What is an add to cart rate?

The add to cart rate of an ecommerce website represents the proportion of traffic to a site that takes the add-to-cart action. Here is the calculation for add to cart rate:

ATC Rate = Add to Cart Actions / Website Visitors

How can I track Add to Carts? 

There are two key places where you can track add to cart events:

  1. Your ecommerce platform. Shopify out of the box provides add to cart tracking. 

  2. Analytics platform. Depending on the ecommerce platform you use, Google Analytics may have a direct integration. This will unlock in-depth data about who is adding to cart, where they are coming from, and when they are doing it.

What is a good add to cart rate?

The average ATC rate for a US website is 4.3% and 9.4% and above would put you in the top 10% of website. Take the time to understand the ATC rate difference between newer users to your site (Less than 30 days) vs older (30 days)

A note of caution when looking at your add to cart rate or really any relative metric within your analytics stack: isolate your data by traffic source and audience when possible. Why? If you are seeing that your overall site conversion rate is off the chart and you do not dig deeper to understand why you could miss that a specific traffic source or audience cohort was driving the increase. This happens a lot when you drive marketing tactics targeting a familiar audience (email marketing to existing customers for example). 

How do I increase my ADD TO CART rate?

To increase your add to cart rate, you need to focus on a few key areas:

UX - The relevant pages in a user’s journey must be optimized for CTA clicks. In most cases, this would be through leveraging an add to cart button. Best practices for add to cart optimization ux: 

  1. All conversion action buttons above the fold.

  2. Leverage action words in calls to actions. Example: Buy Now, Add to Bag, Add to Cart

  3. Have your CTAs have high contract from the rest of the page. 

  4. Use promotional language around price. Example: cross-out price to reflect discounts, have free shipping messaging, risk-free return policy. 

  5. On mobile make sure buttons are large enough to tap. 

Pagespeed - If your pages are slow, especially on mobile, a user is going to land on your page and bounce. 

Funnel Context -  If a user is new to your brand, they are probably not going to respond well to add to cart buttons within their first moments of interaction with your brand. This is why it is important to only have add to cart buttons on pages design for shopping.

Where should I feature an add to cart button?

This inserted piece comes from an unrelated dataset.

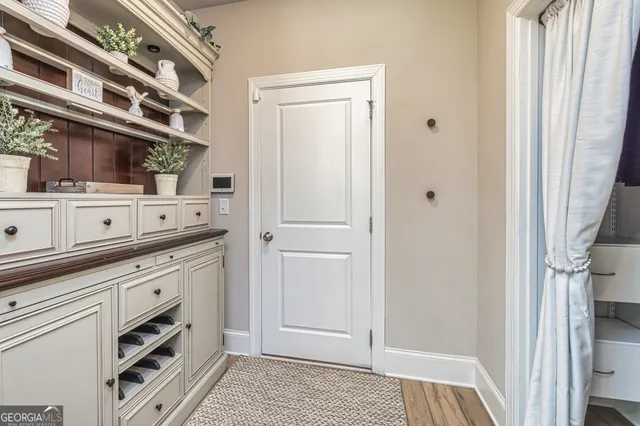 a bedroom with furniture and a window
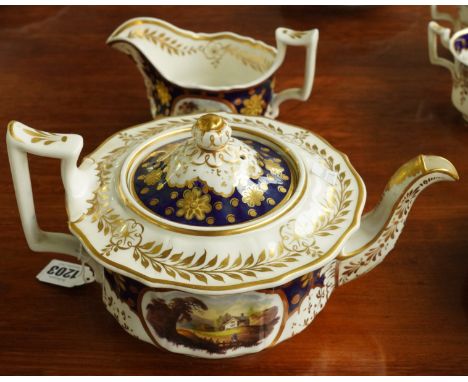 A RIDGWAY PORCELAIN PART TEA AND COFFEE SERVICE (45)Circa 1825 Each piece painted with a landscape vignette against a cobalt-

Here is a breakdown of where and where not to have add to cart buttons on your website: 

Homepage - Resist the urge to oversell on your homepage. This is the main gateway to your brand for most users. Use the space wisely and use it to tell the most concise and impactful story that you can. If you have your storytelling buttoned up, then a user will work their way down the funnel and ultimately add to cart. 

Collection pages - It depends on the industry. For apparel companies where each item has multiple sizes, colors, iterations then it makes more sense to drive to the PDP page from a collections page. If you have a singular version of a product, then having ATC buttons on the collections page is good practice. 

Product pages - Always have ATC buttons on your PDP pages. Design the entire page around the ATC button.

Blog pages - It depends on the type of blog page. If you use your blog for in-depth articles on subjects that are adjacent to your product or service and ATC button would be out of context. If you are telling a story about your industry and how your product or service fits into it, then go for it.

The bottom line:

If you are driving traffic to your site via any marketing channel, it is important to keep add to cart optimization in mind. If a user does not take this step then you need to do a better job of understanding your customer journey to ultimately improve your storytelling, site UX, and page speed.